Academy Award Winners & Oscar Nominated actors Meryl Streep & Philip Seymour Hoffman in the Movie Doubt.

One of the great climaxes in modern romantic comedy arrives at the end of "Moonstruck."

Remember the scene? Everyone's sitting around that luscious-looking Brooklyn brownstone kitchen, sorting out complications and revealing their true feelings, and then all issues become resolved, with a magical Shakespearean touch. The grandfather weeps. "I'm confused," he explains, getting what remains one of the biggest single laughs I've ever heard in a movie theater.

The sequence is stagy in the extreme, and you know what? No one cares.

The satisfactions of that scene are endless. Audiences are perfectly happy to watch characters interact in a room if the words are worth the trouble, and the actors energize what's underneath, and the director knows how to finesse it all.

John Patrick Shanley wrote "Moonstruck."

More recently John Patrick Shanley won a Pulitzer Prize for his most widely produced play to date, a beautifully constructed four-character drama called "Doubt," set in 1964 in a Catholic school in the Bronx.

Shanley has adapted, slightly expanded and directed his play for the screen, and while it helps to enjoy the old-school dramaturgy and knowing theatrical craftsmanship of the piece, I'm probably not alone in my surprise at how well the results work on screen. If more screen versions of plays had this kind of punch, we'd have fewer "Proof"s and more "Doubt"s.

You can diagram the combatants' roles.

Meryl Streep's Sister Aloysius represents fearsome law and dogmatic order. The world, in her eyes, is going to hell each new day the students at St. Nicholas are allowed to use ballpoint pens ("penmanship is dying all across this country"). Yet her single-mindedness is far from simple-minded.

Philip Seymour Hoffman's Father Flynn represents the new, Vatican II theology, looser and more companionable to the students.

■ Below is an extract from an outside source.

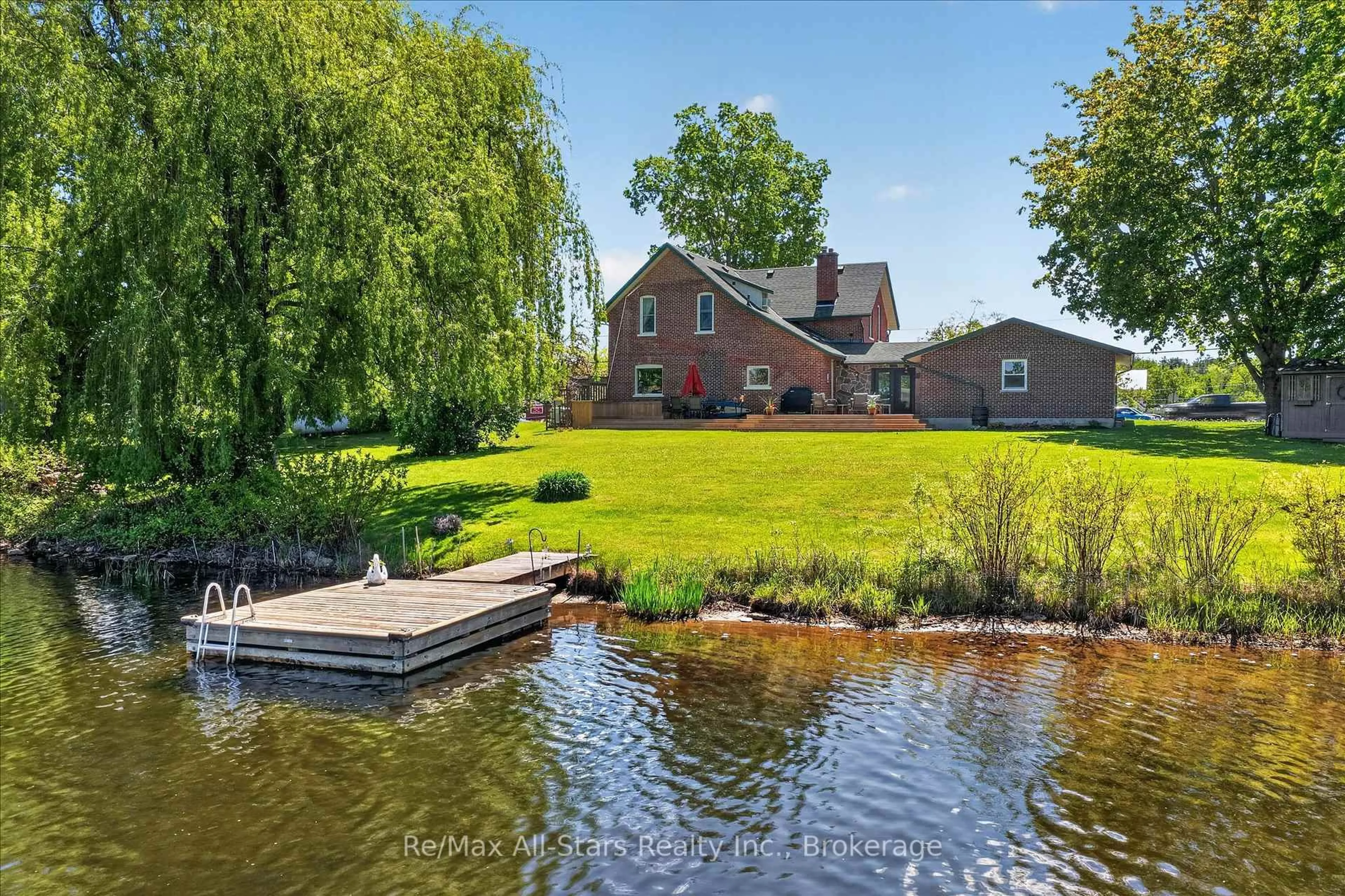 A pic from outside/outdoor area/front of a property/back of a property/a pic from drone, water/lake/river/ocean view for 14 Albert St, Kawartha Lakes Ontario K0M 1K0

Sister James, played by Amy Adams, is the lamb caught between two wolves, whose suspicion that Father Flynn may have entered into an improper or abusive relationship with a 12-year-old student -- the sole African-American in a sea of Irish and Italians -- provides "Doubt" with its narrative suspense.

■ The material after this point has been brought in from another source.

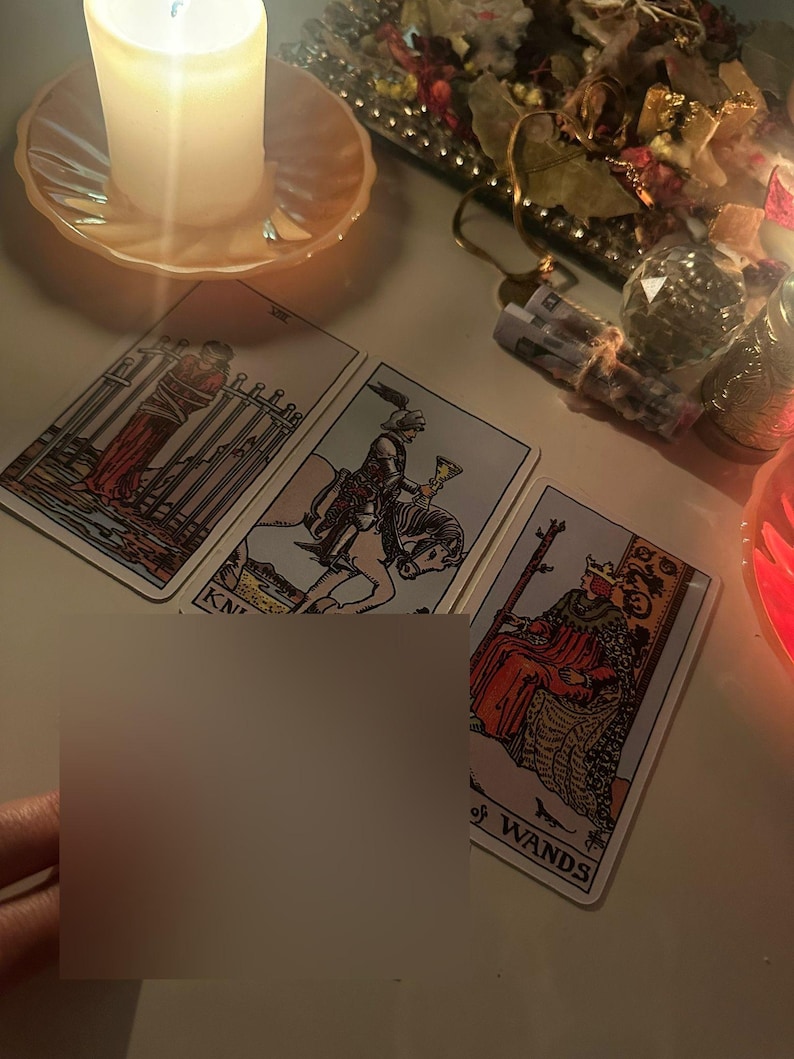 Op de afbeelding: Een brandende kaars op een perzikvormige schotel naast drie tarotkaarten. De kaarten bevatten illustraties van figuren en de woorden "KN" en "of WANDS". Een hand houdt een blanco kaart vast.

Onstage, the material worked like Catholic gangbusters, evoking its time and place, mixing drama with Shanley's trademark verbal wit. The play was deceptive, however; without a first-rate performer in the role of Sister Aloysius (Cherry Jones, first among first-raters, originated the part), "Doubt" risked tipping into caricature, automatically cheapening its dramatic values, to say nothing of its moral questions.

While Streep has a tiny bit too much fun with some of her character's excesses, she's awfully good.

So is Hoffman, who walks a fine line between obvious guilt and possible innocence. So is Adams, whose naivete stays this side of the wrong kind of comedy. And in a key, wrenching scene, Viola Davis -- who plays the mother of the student at risk -- makes complicated emotional sense of a woman caught in an unwinnable, untenable position.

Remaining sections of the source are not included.